### Prompt
Below are entries. Reproduce exactly the lines between the line holding "Fairmont Royal Palm Marrakech" and the line holding "law essay help", inclusive, and only those.
Content starts
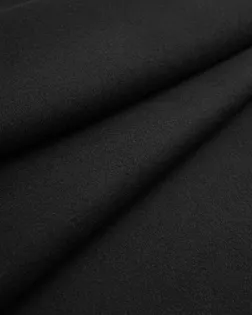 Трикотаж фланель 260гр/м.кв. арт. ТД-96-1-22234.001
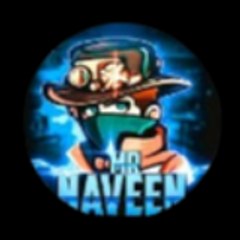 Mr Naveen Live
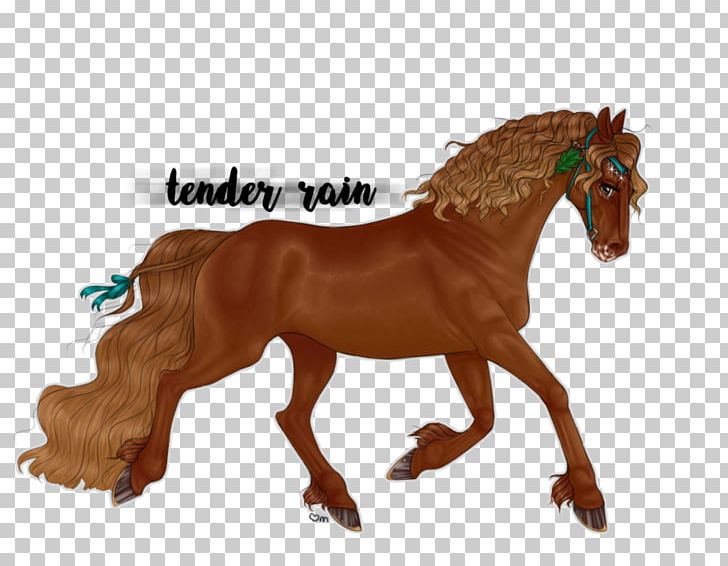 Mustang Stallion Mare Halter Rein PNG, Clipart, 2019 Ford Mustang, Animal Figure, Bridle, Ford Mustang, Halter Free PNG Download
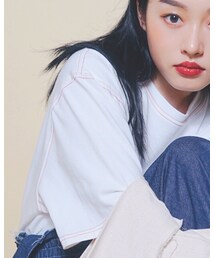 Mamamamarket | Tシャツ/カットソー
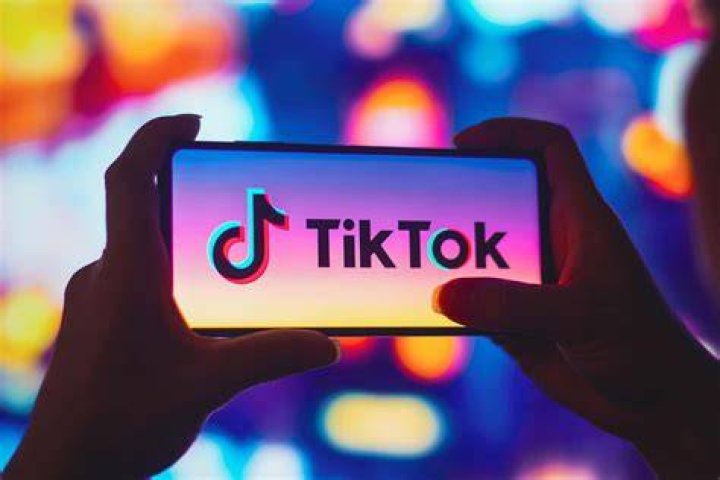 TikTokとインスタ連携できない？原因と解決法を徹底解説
Content ends
Content starts
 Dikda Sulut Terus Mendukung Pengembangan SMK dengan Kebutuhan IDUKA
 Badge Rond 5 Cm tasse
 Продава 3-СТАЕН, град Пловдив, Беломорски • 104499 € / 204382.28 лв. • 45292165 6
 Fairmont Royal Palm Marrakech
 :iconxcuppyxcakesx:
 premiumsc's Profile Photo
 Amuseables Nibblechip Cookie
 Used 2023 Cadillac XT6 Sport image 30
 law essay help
Content ends
Content starts
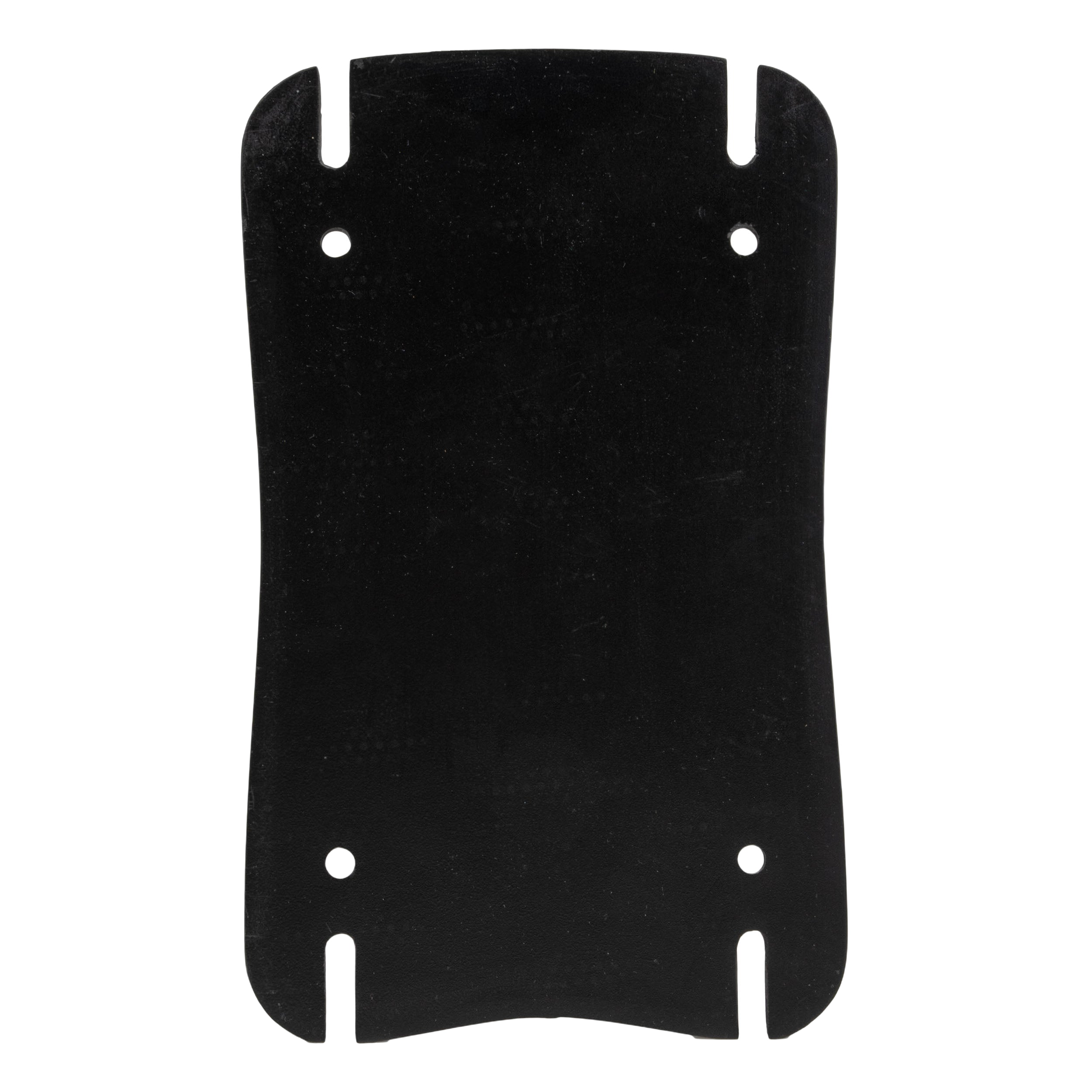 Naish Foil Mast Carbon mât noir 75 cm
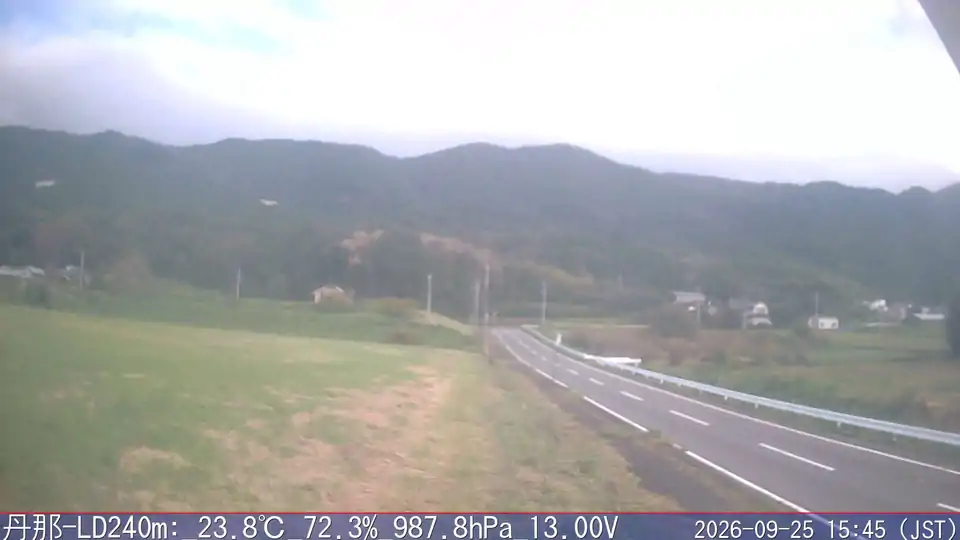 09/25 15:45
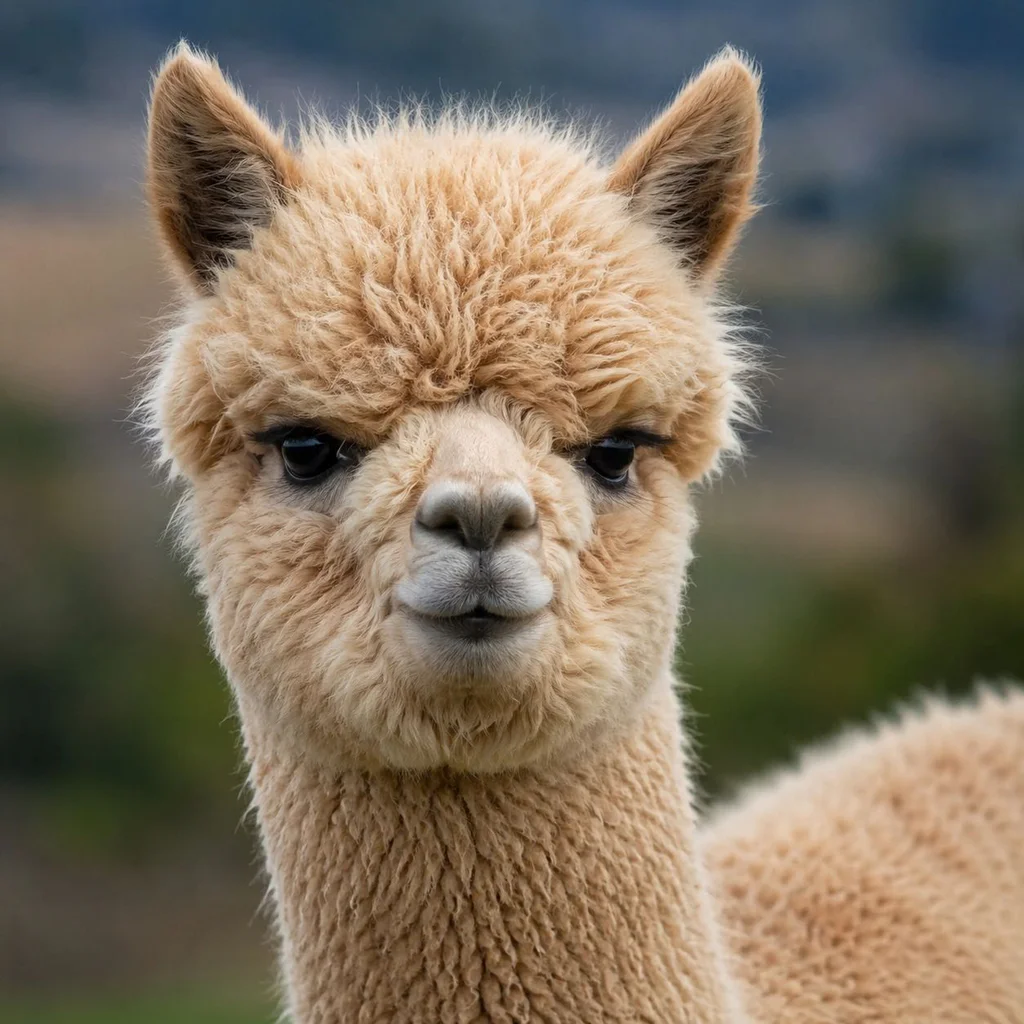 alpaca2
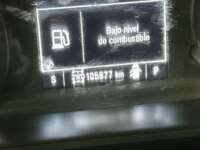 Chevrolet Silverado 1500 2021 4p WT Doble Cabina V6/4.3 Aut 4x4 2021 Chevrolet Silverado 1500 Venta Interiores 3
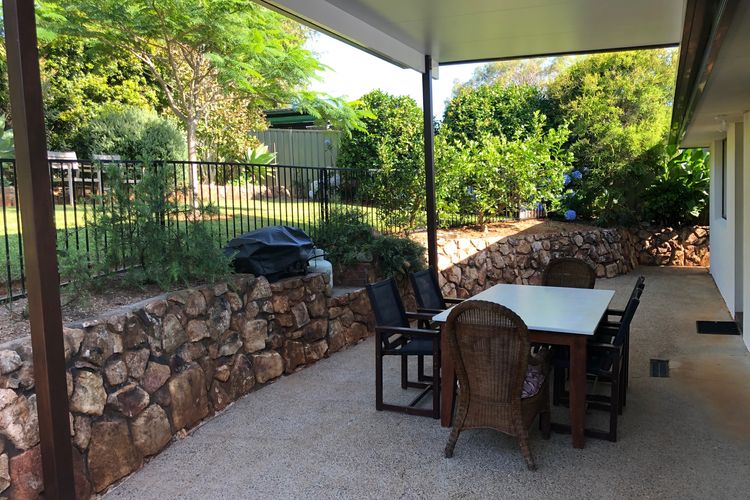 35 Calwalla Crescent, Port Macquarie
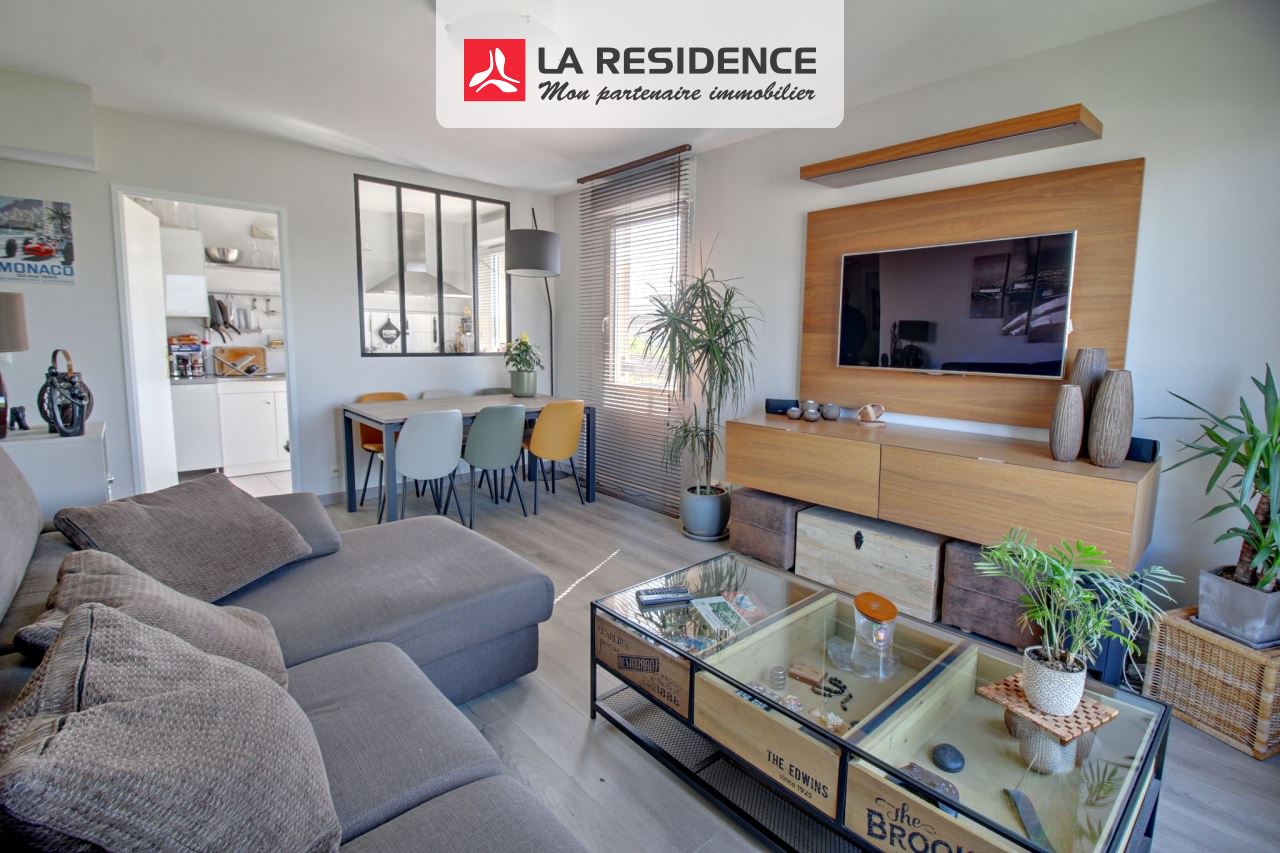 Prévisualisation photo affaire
Content ends
### Task answer
 Fairmont Royal Palm Marrakech
 :iconxcuppyxcakesx:
 premiumsc's Profile Photo
 Amuseables Nibblechip Cookie
 Used 2023 Cadillac XT6 Sport image 30
 law essay help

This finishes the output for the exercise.